『こっち向いてよ向井くん』が教えてくれた“自分”である大切さ 大きな向井くんの“一歩”

 『こっち向いてよ向井くん』(日本テレビ系)の第1話、33歳で10年間彼女のいない主人公の向井くんこと向井悟(赤楚衛二)は、人並みの幸せをぼんやりと手に入れることを望んでいたが、それがなかなかできない人として登場する。

 しかし向井くんは、義理の弟の元気(岡山天音)が経営するバーで知り合った坂井戸洸稀(波瑠)から、「適当に雰囲気で過ごして、なんとなーくかわいい子とつきあって、なんとなーく幸せになれるわけ、ないよ。みんなほしいものをちゃんと、ほしいって願ってると思う」とキツい言葉をつきつけられてしまう。

 これは、単に優柔不断な向井くんのことを指しているわけではなく、なんとなくみんなと同じことを望むということは、実は「家父長制に知らず知らずにのみこまれている」ことを示していると感じた。

 このドラマを最後まで観ると、第1話で描かれていた、「自分でほしいと思うこと」ではなく、「なんとなく周りがそうしているから」というモチベーションで動いている人には厳しく、「自分でなにがしたいか考えている」人には肯定的に描かれているのがわかるのだ。

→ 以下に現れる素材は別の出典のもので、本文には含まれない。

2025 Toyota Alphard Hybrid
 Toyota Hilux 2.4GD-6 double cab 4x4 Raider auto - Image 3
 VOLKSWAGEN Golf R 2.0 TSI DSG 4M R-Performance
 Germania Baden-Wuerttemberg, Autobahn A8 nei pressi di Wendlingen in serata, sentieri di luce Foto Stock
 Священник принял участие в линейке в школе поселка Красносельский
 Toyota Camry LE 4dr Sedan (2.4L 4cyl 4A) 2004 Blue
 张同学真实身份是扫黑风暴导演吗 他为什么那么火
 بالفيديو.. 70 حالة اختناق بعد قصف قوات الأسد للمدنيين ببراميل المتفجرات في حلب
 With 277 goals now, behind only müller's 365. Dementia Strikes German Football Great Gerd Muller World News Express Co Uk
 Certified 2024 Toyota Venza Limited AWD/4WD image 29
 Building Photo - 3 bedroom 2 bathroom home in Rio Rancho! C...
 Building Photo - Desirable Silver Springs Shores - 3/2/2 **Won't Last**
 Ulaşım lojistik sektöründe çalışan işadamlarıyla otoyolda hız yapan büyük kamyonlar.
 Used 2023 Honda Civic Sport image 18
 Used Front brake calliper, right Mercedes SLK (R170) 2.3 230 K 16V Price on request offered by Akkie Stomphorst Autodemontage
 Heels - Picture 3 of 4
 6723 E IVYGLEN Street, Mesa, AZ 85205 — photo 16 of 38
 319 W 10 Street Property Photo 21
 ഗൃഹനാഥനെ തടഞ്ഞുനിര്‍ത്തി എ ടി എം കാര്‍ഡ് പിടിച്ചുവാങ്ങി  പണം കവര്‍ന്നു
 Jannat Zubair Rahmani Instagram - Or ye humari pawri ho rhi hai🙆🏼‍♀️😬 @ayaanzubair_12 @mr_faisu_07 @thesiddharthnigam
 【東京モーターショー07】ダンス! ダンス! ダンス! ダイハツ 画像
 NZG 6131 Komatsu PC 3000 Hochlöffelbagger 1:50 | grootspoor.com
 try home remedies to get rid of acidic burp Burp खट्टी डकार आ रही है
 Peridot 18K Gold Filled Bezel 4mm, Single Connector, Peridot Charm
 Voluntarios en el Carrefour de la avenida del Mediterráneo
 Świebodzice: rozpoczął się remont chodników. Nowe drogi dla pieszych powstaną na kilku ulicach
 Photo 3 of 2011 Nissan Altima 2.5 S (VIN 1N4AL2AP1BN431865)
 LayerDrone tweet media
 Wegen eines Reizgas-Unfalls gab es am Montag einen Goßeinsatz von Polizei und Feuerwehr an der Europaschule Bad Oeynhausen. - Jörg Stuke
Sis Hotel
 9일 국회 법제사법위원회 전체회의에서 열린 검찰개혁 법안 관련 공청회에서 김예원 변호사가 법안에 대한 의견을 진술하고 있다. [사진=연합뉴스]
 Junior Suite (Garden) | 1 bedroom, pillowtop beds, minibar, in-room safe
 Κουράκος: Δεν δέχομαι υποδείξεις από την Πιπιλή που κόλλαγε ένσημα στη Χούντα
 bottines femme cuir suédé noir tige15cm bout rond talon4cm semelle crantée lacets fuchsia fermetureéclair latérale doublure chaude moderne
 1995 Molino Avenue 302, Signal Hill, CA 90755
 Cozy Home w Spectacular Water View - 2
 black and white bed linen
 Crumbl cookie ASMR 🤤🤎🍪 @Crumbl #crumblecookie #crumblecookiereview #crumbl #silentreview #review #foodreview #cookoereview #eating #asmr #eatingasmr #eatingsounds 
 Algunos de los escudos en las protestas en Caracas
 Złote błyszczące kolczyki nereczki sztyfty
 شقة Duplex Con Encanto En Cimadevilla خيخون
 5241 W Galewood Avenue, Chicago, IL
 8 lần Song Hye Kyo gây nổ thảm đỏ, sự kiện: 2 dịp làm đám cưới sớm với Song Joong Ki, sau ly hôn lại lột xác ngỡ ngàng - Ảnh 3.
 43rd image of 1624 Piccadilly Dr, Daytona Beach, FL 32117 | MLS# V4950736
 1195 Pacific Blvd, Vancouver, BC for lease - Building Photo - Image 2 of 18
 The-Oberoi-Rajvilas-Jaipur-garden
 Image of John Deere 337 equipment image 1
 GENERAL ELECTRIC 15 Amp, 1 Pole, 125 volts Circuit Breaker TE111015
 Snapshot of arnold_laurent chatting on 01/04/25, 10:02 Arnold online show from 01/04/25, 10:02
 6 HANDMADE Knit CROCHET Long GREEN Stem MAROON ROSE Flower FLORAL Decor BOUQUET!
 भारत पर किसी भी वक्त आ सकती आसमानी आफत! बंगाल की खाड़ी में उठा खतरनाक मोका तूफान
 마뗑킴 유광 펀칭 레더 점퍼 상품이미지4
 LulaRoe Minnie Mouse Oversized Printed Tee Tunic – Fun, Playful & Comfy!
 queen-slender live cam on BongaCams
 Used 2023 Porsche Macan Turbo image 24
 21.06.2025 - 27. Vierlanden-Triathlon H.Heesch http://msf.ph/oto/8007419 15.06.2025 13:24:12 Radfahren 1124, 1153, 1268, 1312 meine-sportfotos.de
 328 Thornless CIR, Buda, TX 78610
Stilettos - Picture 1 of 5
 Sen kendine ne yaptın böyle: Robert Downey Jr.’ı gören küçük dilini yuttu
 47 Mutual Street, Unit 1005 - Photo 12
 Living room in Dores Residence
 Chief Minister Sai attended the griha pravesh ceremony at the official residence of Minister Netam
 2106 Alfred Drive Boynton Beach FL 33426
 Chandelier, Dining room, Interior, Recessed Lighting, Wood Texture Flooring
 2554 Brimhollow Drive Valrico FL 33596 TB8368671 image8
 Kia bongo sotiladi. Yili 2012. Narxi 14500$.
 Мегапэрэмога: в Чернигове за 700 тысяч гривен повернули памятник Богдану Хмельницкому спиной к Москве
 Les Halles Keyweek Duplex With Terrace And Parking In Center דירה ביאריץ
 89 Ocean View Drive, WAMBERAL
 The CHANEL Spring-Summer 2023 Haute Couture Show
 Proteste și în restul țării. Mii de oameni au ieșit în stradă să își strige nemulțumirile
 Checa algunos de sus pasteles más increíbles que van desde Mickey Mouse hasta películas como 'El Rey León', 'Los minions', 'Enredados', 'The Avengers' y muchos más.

 それは向井くんにだけ向けられたものではない。義理の弟の元気は、もとは妻の麻美(藤原さくら)のことをよく見ていて、向井くんに対しても「普通なんて関係ないの、麻美は麻美なんですよ」と言える人物であったが、結婚を機に、「なんとなく周りがそうしているから」と責任感を発揮し、「ひとりの男として、そういうの背負って麻美を幸せにしたい、結婚ってそういうことでしょ」と考えるようになり、妻の麻美から離婚をつきつけられてしまう。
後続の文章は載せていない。